Thank you!
Yea absolutely, but man, where to even start, it is very specific.
Fundementally I didn't use any wrappers like unsloth or axolotl, although I have used the latter before a year or two back and it was good, but I needed something very very custom. I also wanted the whole fine tuning pipeline to exported OpenVino model to be seamless.
I heavily leaned on codex, claude and some manual sleuthing around the internet to understand what I needed. I'd played about with QLoRA finetuning with axolotl before and felt most comfortable with that. So I needed to keep everything as stripped down as possible and figured I can just utilise the 3 main huggingface libraries (transformers, peft and datasets) and also bitsandbytes (as suggested by claude to quantize the model to keep this working on my GPU) along with some custom scripts generated by claude/codex (each cross referencing each other) that will do the different stages of the training run.
The next part was the data. Obviously didn't have access to thousands of meetings and associated output documents but I did have a 3090ti sitting there and a codex subscription. So I set about working out what format I needed the data in (many thanks again, to claude/codex) and started generating hundreds of different transcripts, different amounts of speakers, content, tones, subjects, spelling mistakes - like all the different things you could think a meeting would have. Then it's a case of actually generating a good meeting document off the back of the transcripts and creating the "gold standard" that we'd use.
I'm going to gloss over a lot here as I'd rather not detail it as it relates to some propriatary stuff that I had to work through, but you basically pair the transcripts together and run the training.

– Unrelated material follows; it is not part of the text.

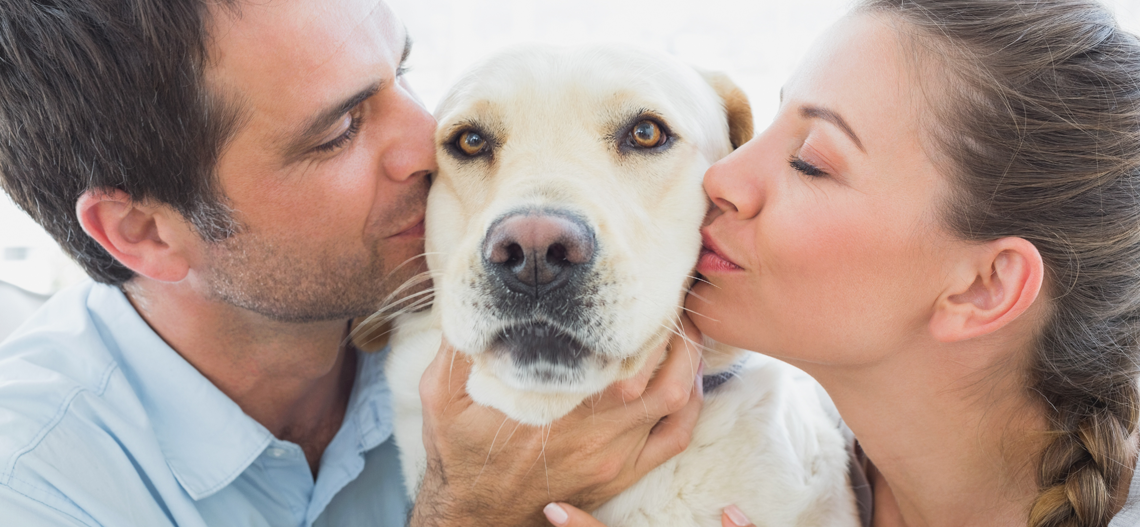You Wouldn’t Buy Your Family Member Second-Rate CBD – Demand the Best for Your Furry BFF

At the verification stage, there was pretty much 3 things:
1. "just" do some regex string matching to see if there's any of the source transcript key facts in the output to ensure fact preservation. Same with owner fabrication (who said what), I don't want something attributed to someone when it wasn't them that said it and then finally markdown validation.
2. Using codex/claude to validate the transcript and output from the model - I used the latest frontier models, probably overkill for my task, but they were good at the job
3. Finally me going through some actual recordings of myself, groups, meetings and manually verifiying the output
So a fair bit of work, and for context I'm on version 10 now, so it's been a journey!